The autoreload extension is already loaded. To reload it, use:
  %reload_ext autoreload


In [2]:
import sys
sys.path.append("../../")

sys.path.append("./recommenders-master")
import time
import pandas as pd
import tensorflow as tf

from reco_utils.recommender.ncf.ncf_singlenode import NCF
from reco_utils.recommender.ncf.dataset import Dataset as NCFDataset
from reco_utils.dataset import movielens
from reco_utils.common.notebook_utils import is_jupyter
from reco_utils.dataset.python_splitters import python_chrono_split
from reco_utils.evaluation.python_evaluation import (rmse, mae, rsquared, exp_var, map_at_k, ndcg_at_k, precision_at_k, 
                                                     recall_at_k, get_top_k_items)

print("System version: {}".format(sys.version))
print("Pandas version: {}".format(pd.__version__))
print("Tensorflow version: {}".format(tf.__version__))

System version: 3.6.11 (default, Nov 27 2020, 18:37:51) [MSC v.1916 64 bit (AMD64)]
Pandas version: 0.25.3
Tensorflow version: 1.15.2


Set the default parameters.

In [3]:
# top k items to recommend
TOP_K = 4

# Model parameters
EPOCHS = 20 # 20
BATCH_SIZE =  64#256

SEED = 42

MIN_TARGET_FREQ = 25

In [4]:
USE_COLS = ["utrip_id","city_id","checkin"]

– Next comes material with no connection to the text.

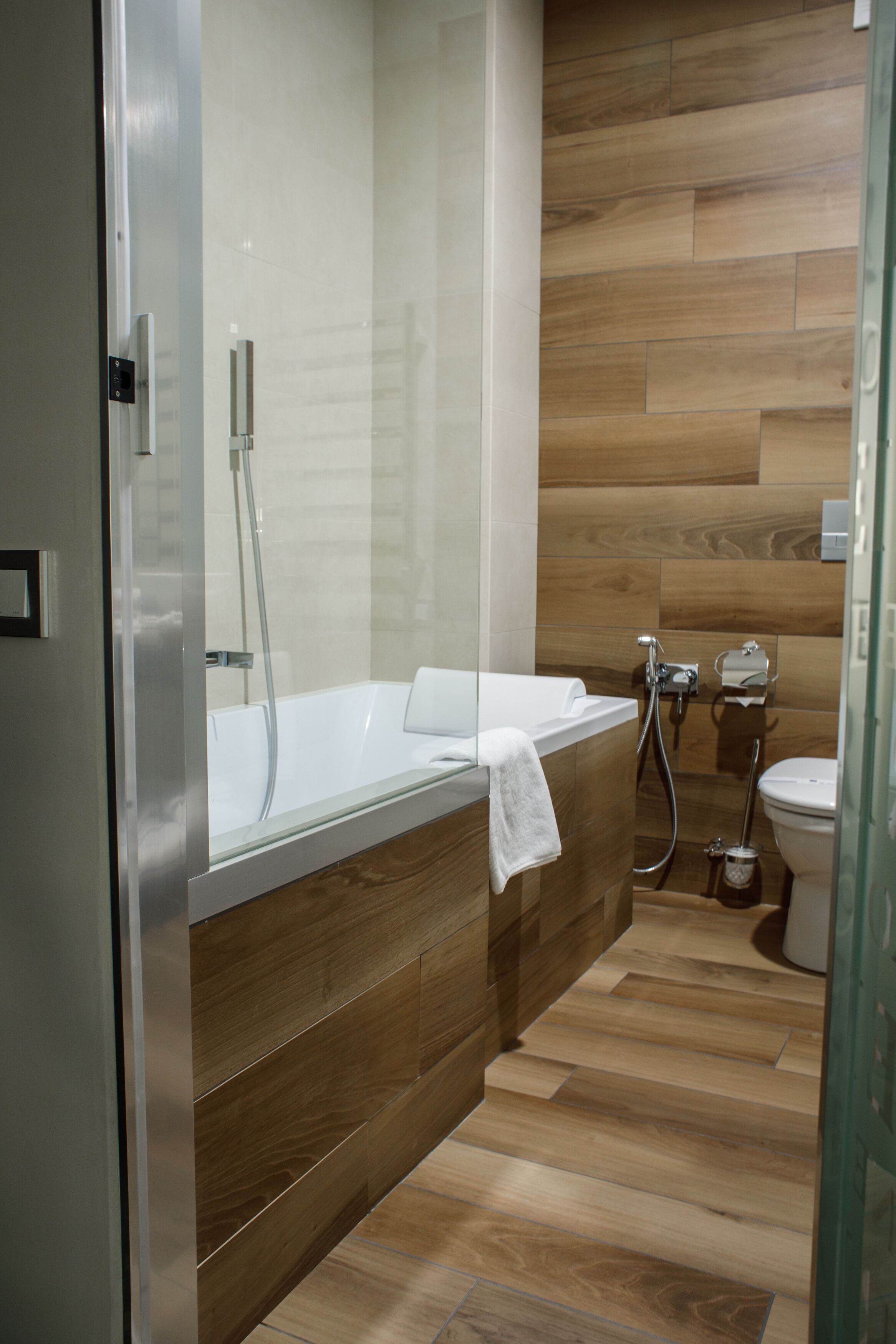 Un baño moderno con cabina de ducha de vidrio, tocador de madera y un inodoro.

df = pd.read_csv("booking_train_set.csv",
#                  nrows=423456,
#                  index_col=[0],
                 parse_dates=["checkin"],infer_datetime_format=True,
                usecols=USE_COLS)

df.sort_values([ "utrip_id", "checkin"],inplace=True)

print(df.shape[0])
##################
## filter min freq
freq = df["city_id"].value_counts()
df["city_id_count"] = df["city_id"].map(freq)
df = df.loc[df["city_id_count"]>= MIN_TARGET_FREQ]
df.drop(["city_id_count"],axis=1,inplace=True,errors="ignore")
### filter rare users
freq = df["utrip_id"].value_counts()
df["utrip_id_count"] = df["utrip_id"].map(freq)
df = df.loc[df["utrip_id_count"]>= 4]
df.drop(["utrip_id_count"],axis=1,inplace=True,errors="ignore")

freq = df["city_id"].value_counts()
df["city_id_count"] = df["city_id"].map(freq)
df = df.loc[df["city_id_count"]>= MIN_TARGET_FREQ]
df.drop(["city_id_count"],axis=1,inplace=True,errors="ignore")
freq = df["utrip_id"].value_counts()
df["utrip_id_count"] = df["utrip_id"].map(freq)
df = df.loc[df["utrip_id_count"]>= 4]
df.drop(["utrip_id_count"],axis=1,inplace=True,errors="ignore")
#################
print(df.shape[0])

# df.columns = ["userID", "itemID", "timestamp"]
df.rename(columns={"utrip_id":"userID","city_id":"itemID","checkin":"timestamp"},inplace=True)

df["rating"] = 1
print(df.columns)
df

1166835
867651
Index(['timestamp', 'itemID', 'userID', 'rating'], dtype='object')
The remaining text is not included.